Let's try to improve accuracy by increasing the complexity of the model. Add a third `GRU` layer to your model from Question 4 and train the model.

In [None]:
model = keras.Sequential([
# Your code here
])

# Your code here

Plot the loss and accuracy for the training and validation sets. 
Is there evidence of overfitting?
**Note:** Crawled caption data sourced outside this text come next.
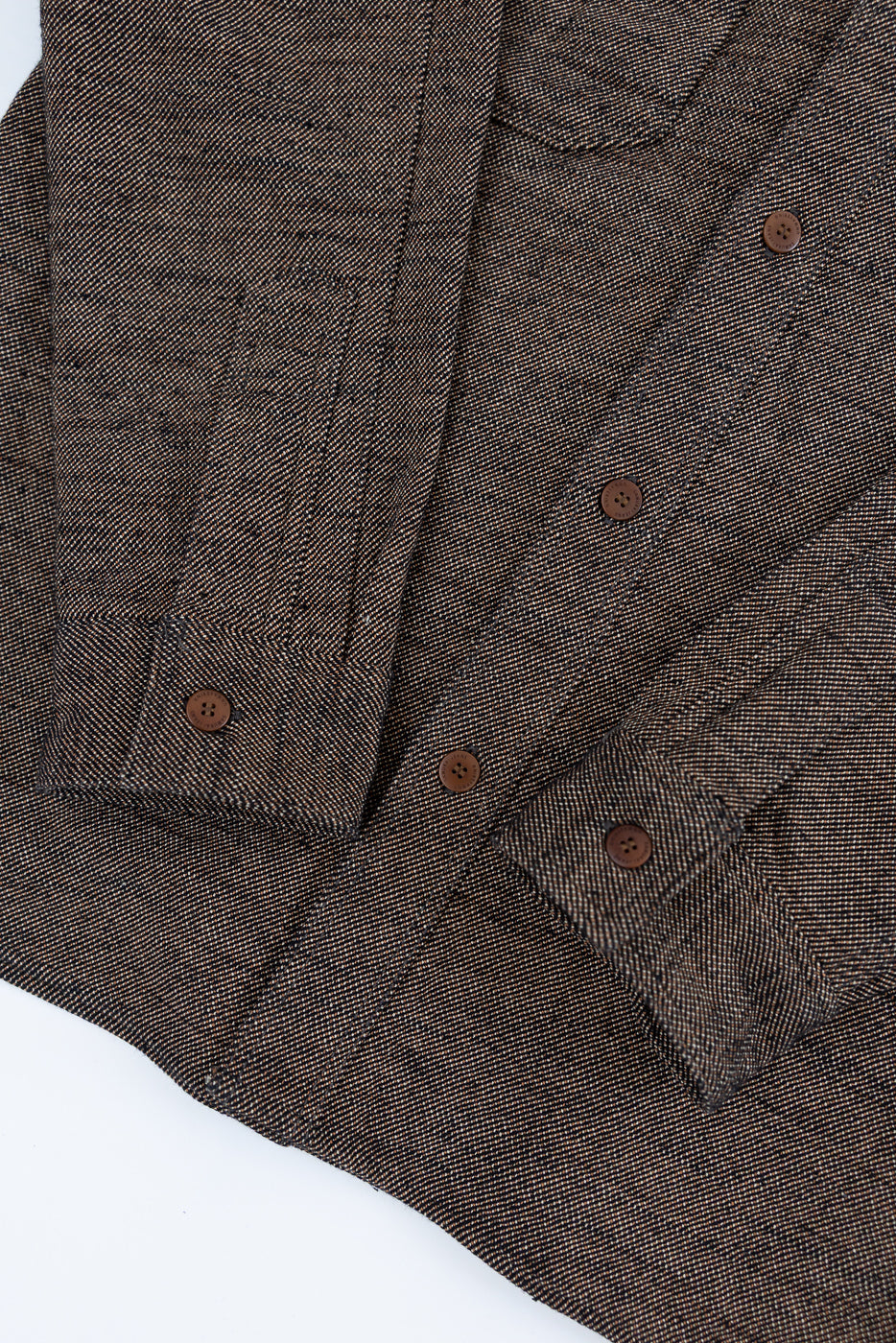 Close-up of Samurai Elemental flannel shirt front, brown-black textured fabric, button details, sleeve cuffs, flat lay.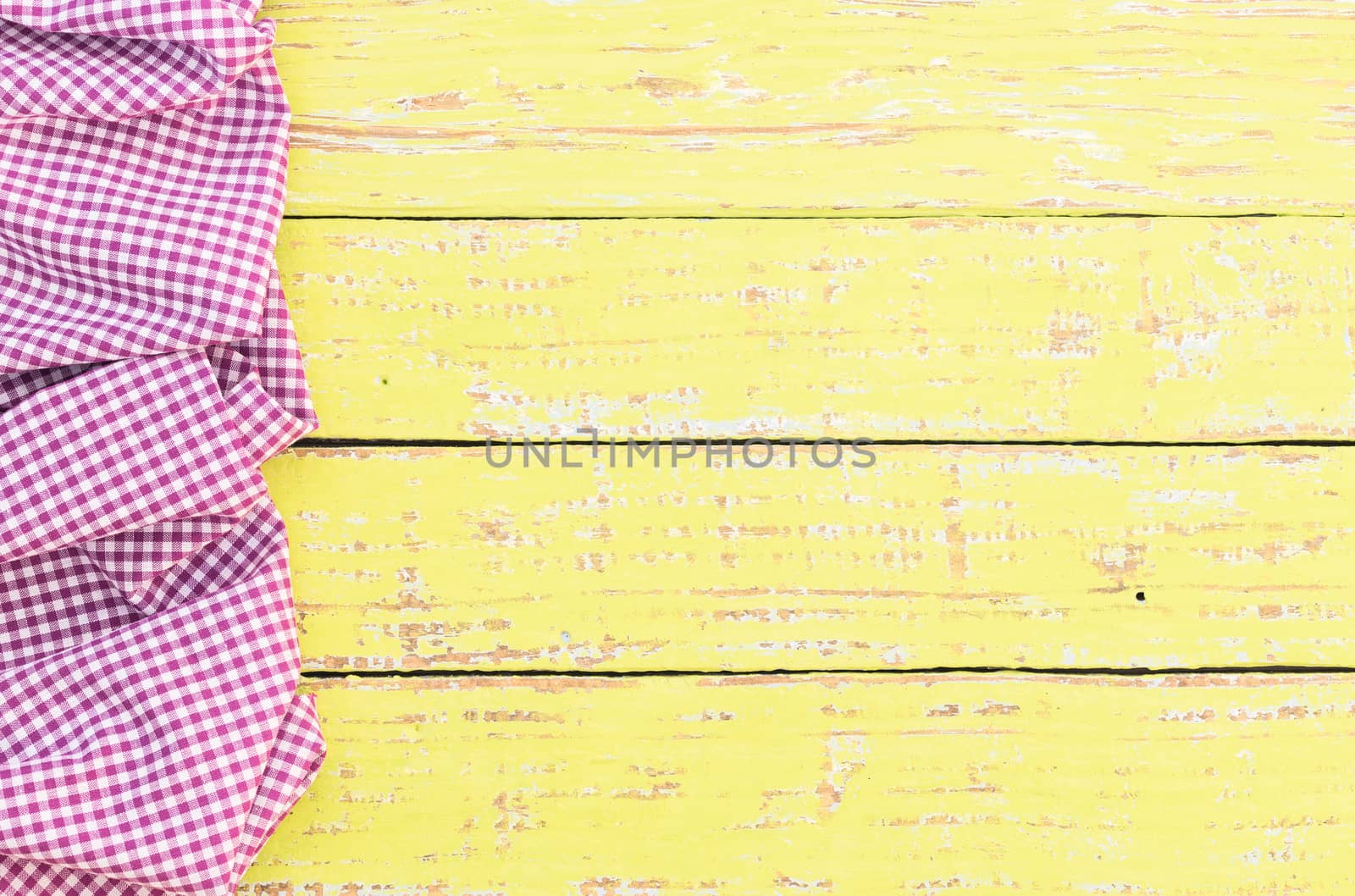 Yellow wooden table background rustic texture, with purple checkered tablecloth, high angel view

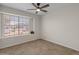 Cozy bedroom with tile floors and bright window letting in plenty of natural light at 19443 N 36Th St, Phoenix, AZ 85050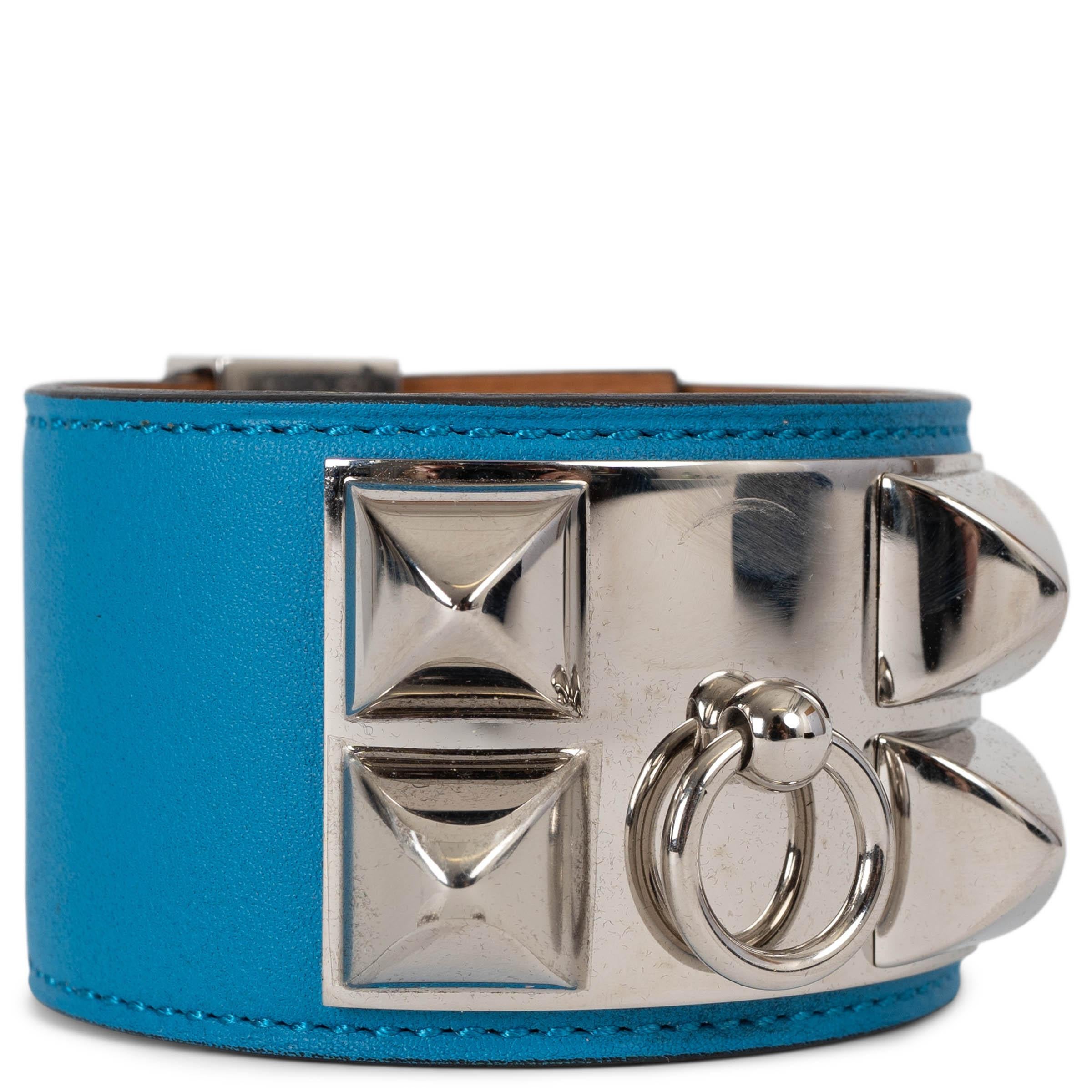 This 100% authentic Hermès Collier de Chien cuff bracelet in Bleu Zanzibar blue Veau Swift leather is a bold statement piece, celebrated for its structured design and luxurious craftsmanship. Accented with palladium-plated hardware, it features the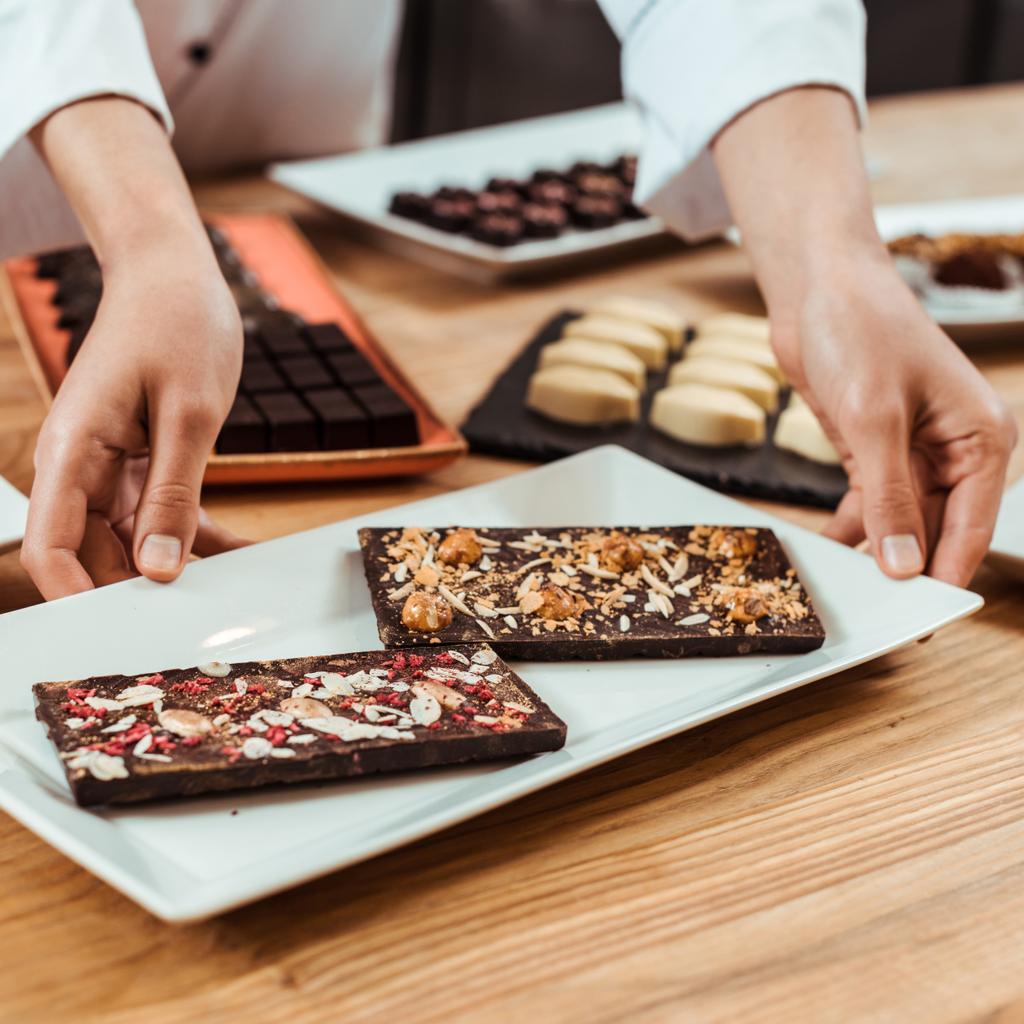 cropped view of woman touching plate with fresh prepared chocolate bars  - Photo, Image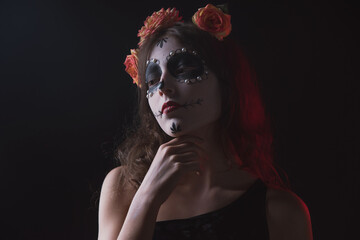 Girl with skeleton makeup and flowers in her hair on a dark background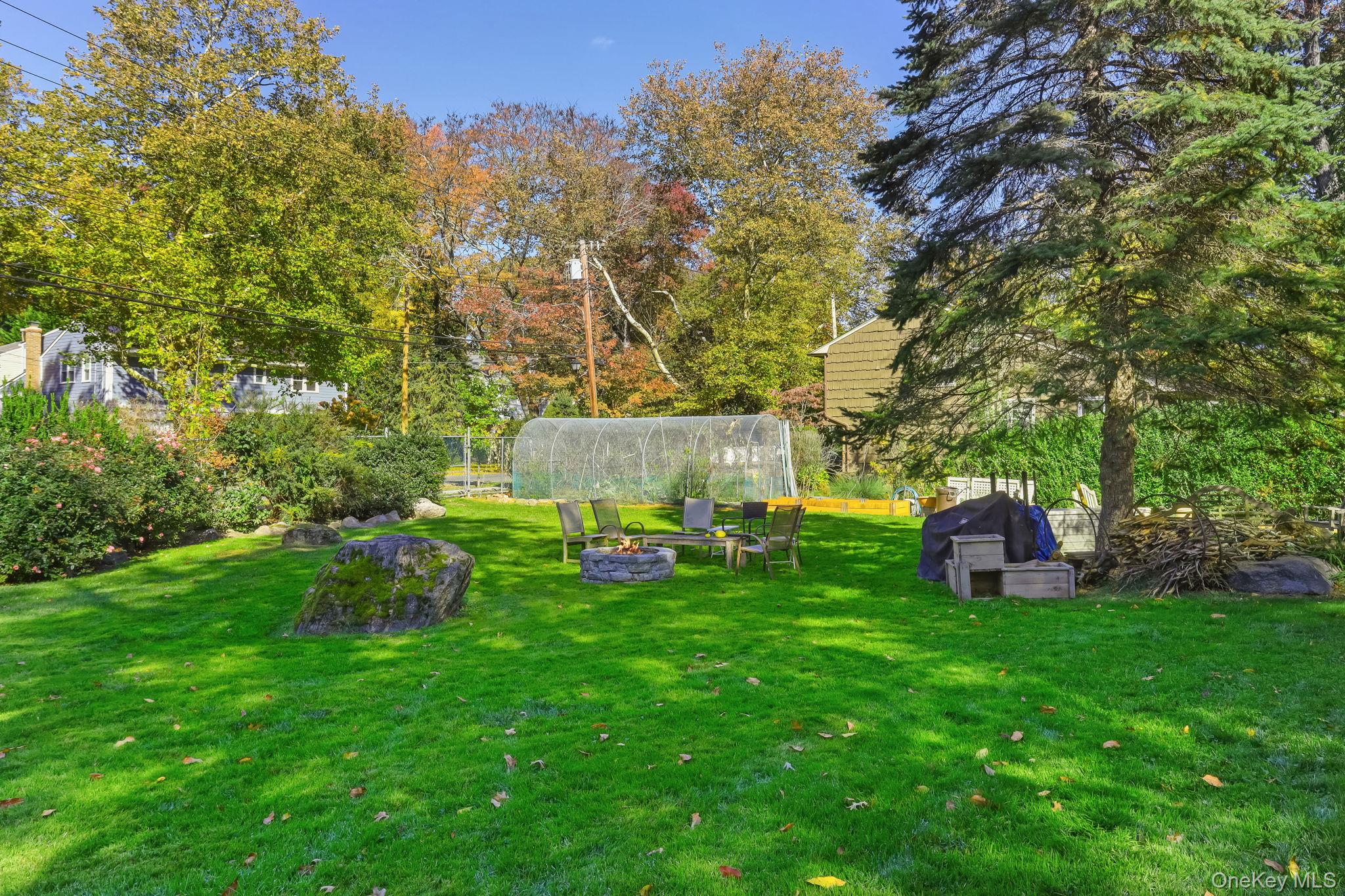 40 Pine Ridge Road Larchmont, NY 10538 - Photo 34 of 40 a view of a table and chairs in the green field
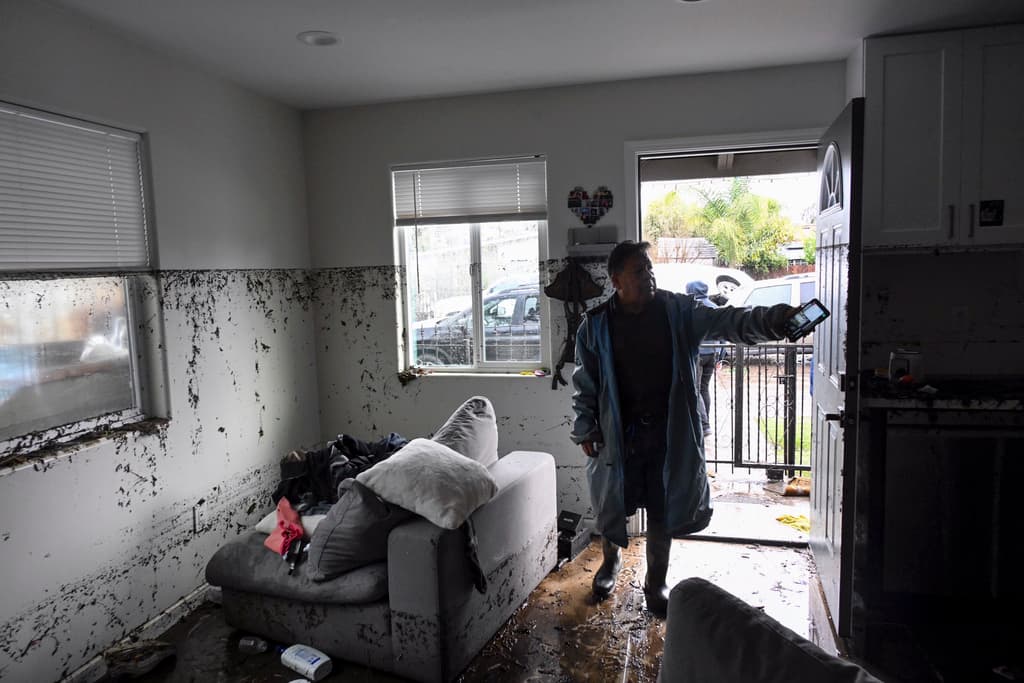 Tony Blas apunta hasta dónde llegó el agua al inundar su vivienda en San Diego.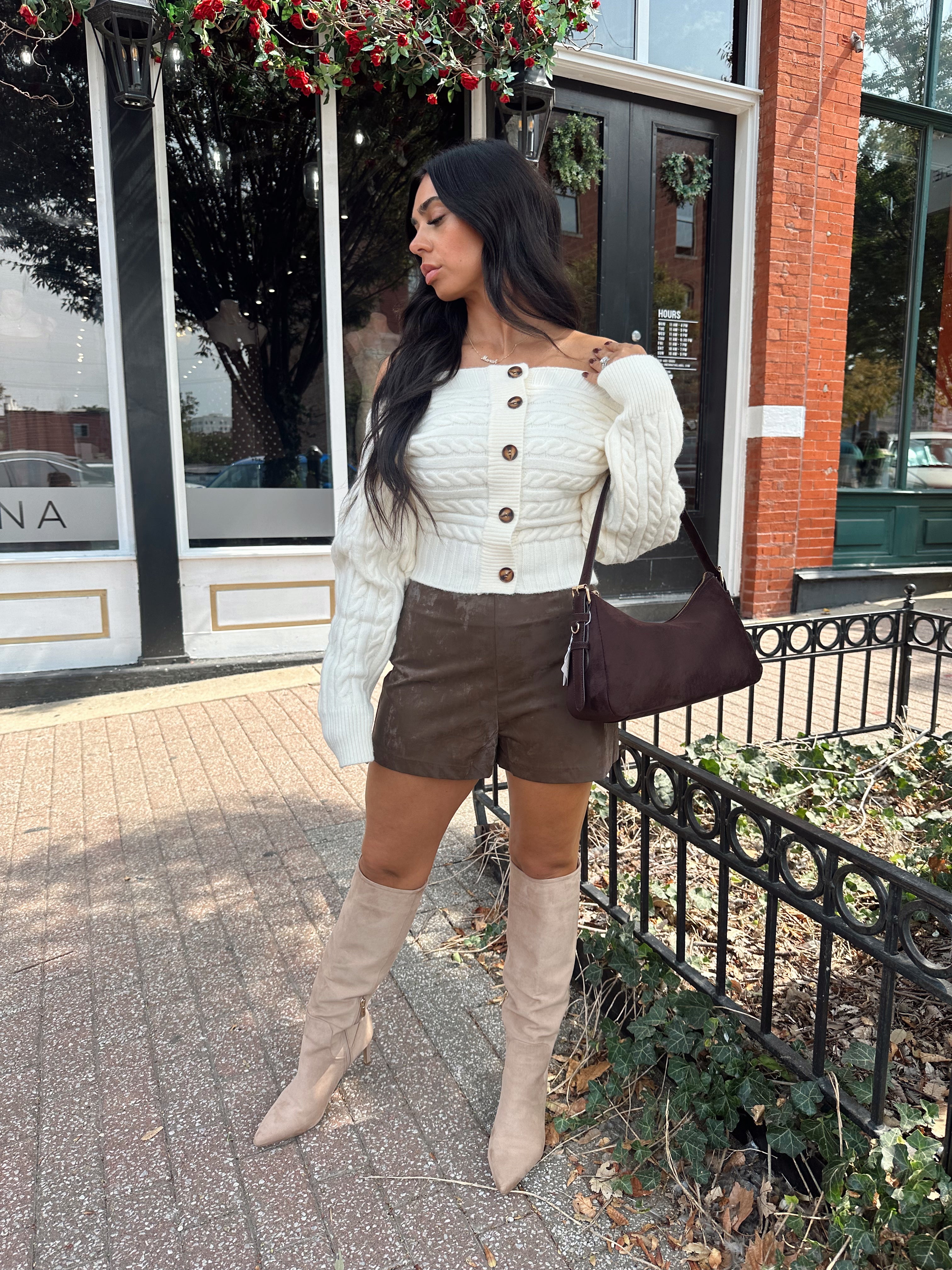 Woman wearing ivory long sleeve off the shoulder button up cardigan and brown suede shorts. 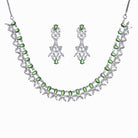 "Green and white zircon necklace in floral design adds vibrant, floral elegance."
Has the performance of the model improved?
 

In [None]:
train_acc  = history.history['accuracy']
train_loss = history.history['loss']
val_acc  = history.history['val_accuracy']
val_loss = history.history['val_loss']

epochs = range(1, len(train_loss) + 1)

plt.plot(epochs, train_loss, label = 'Training Loss')
plt.plot(epochs, val_loss, label = 'Validation Loss')
plt.xlabel('Epochs')
plt.ylabel('Loss')
plt.legend()

In [None]:
plt.plot(epochs, train_acc, label = 'Training Accuracy')
plt.plot(epochs, val_acc, label = 'Validation Accuracy')
plt.xlabel('Epochs')
plt.ylabel('Accuracy')
plt.legend()

## Question 6

Let's see if using a bidirectional RNN will increase performance. Create a model similar to your `LSTM` model in Question 2, but with 1 bidirectional LSTM later. 

In [None]:
model = keras.Sequential([
# Your code here
])

# Your code here

Plot the loss and accuracy for the training and validation sets. 
Is there evidence of overfitting? Has the performance of the model improved?


In [None]:
train_acc  = history.history['accuracy']
train_loss = history.history['loss']
val_acc  = history.history['val_accuracy']
val_loss = history.history['val_loss']

epochs = range(1, len(train_loss) + 1)

plt.plot(epochs, train_loss, label = 'Training Loss')
plt.plot(epochs, val_loss, label = 'Validation Loss')
plt.xlabel('Epochs')
plt.ylabel('Loss')
plt.legend()

In [None]:
plt.plot(epochs, train_acc, label = 'Training Accuracy')
plt.plot(epochs, val_acc, label = 'Validation Accuracy')
plt.xlabel('Epochs')
plt.ylabel('Accuracy')
plt.legend()

## Question 7

Which model would you choose for this task? Why did you choose that model?